I tried as much as I could to keep a straight face.
The student presenter continued, talking about the implications of Thirteen Ways of Looking at a Blackbird, the depth of the subject matter, the unique structure, the nature of the word choice, the history. I listened, and a small giggle slipped out. There was nothing particularly funny in what she was saying. I covered my mouth and coughed, avoiding the glances of all my classmates, who were also hiding smiles behind their hands as our presenter, very seriously, spoke on this poem.
We were in a college class called American Lit II, and each of us had different works we had to read and present on. For some reason, I think because of the presentation, we were meeting in a room off of the library at night. I happened to be working in the library just before this class started, so most of my classmates congregated around the main desk as we discussed this poem. It was late at night, and we were overtired from the day and needed a reason to laugh. Thankfully, it was only me and another student working that night, and there was scarce another student in the library because of the hour.
So we laughed. Loudly.
There was something about the hour, the nature of the poem, the choice of words, and the structure that made this poem simply hilarious at that moment. Reading through it again, I can’t help but smile. Every time I see a black bird, I think back to that night.
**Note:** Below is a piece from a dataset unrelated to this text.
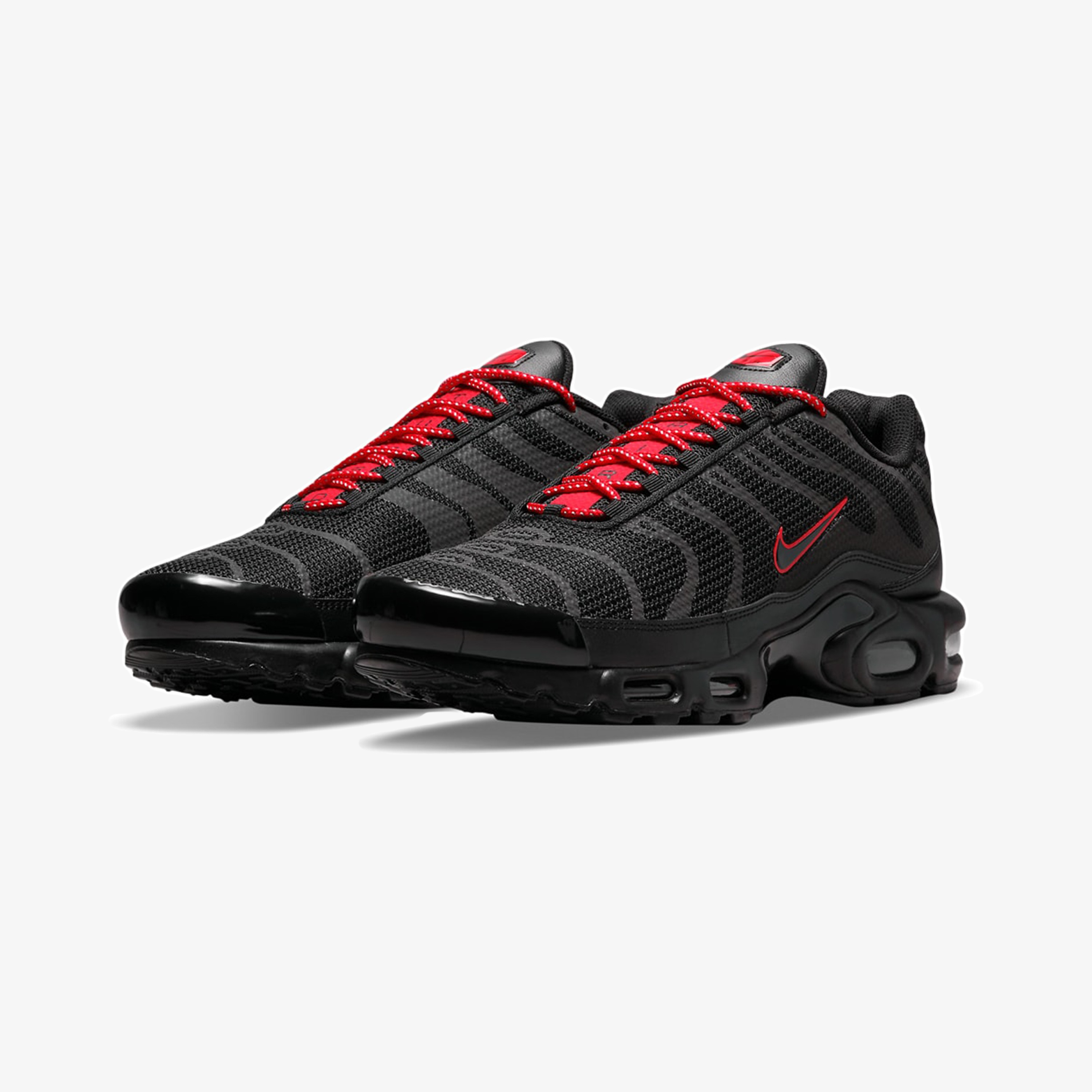 Air Max Plus TN "Red Demon"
I think back to all of us making a ruckus in the library waiting for our class to start, to us following our professor into the room and sitting down to listen to the presentation. I think back to watching that poor student stand up and read this poem aloud, verse by verse, and speak about the deeper philosophy behind the poem, most of which I have since forgotten. Most of all, I think back to a moment of amusement and horror as she got to verse IV when I, unable to keep a fellow student out of my line of sight, laughed, loudly, in the middle of this presentation.
A man and a womanWallace Stevens, Thirteen Ways of Looking at a Blackbird
A man and a woman and a blackbird
I remember the student pausing only for a moment to stare at me, and the professor staring for a moment longer in disbelief. I am a fairly quiet person, and this outburst was startling, to say the least. Thankfully, the other students started giggling, none too quiet, after my first laugh, and we made it through the rest of the class without a hiccup. I apologized to the student afterward, and to my professor, and explained the whole situation as best (and as seriously) as I could.
Honestly, I cannot remember what her presentation was about. Moreover, I cannot say much about this poem itself. It is a modernist poem that was influenced more by the disruption of the world at the turn of the century than anything else. I’m not a huge fan of modernism, but there is something to be gleaned from this poem. As the poem itself is disjointed, so too was the world. People had begun to throw away all that was true and constant before the Great War because after It, they realized what they thought was true and constant was not. They had trusted in the wrong things. There is depth to this poem, in its own disjointed and troubled way. Read the poem, and you will feel the shadows follow you, the unraveling of Stevens and the people of the early 20th century. The imagery is also striking, and I encourage you to read it out loud.
Further, it connects us living now to the chaos and rearranging of society during its contemporary era. But regardless of the historical context, I will always remember this poem in the emotional, personal context for me when a handful of students gathered together and bonded over a disjointed poem of sadness and sensation that made them laugh in the midst of school’s drudgery for a moment, and then made them laugh together again during the reading of Thirteen Ways of Looking at a Blackbird. Perhaps this is just one more way to look at a blackbird?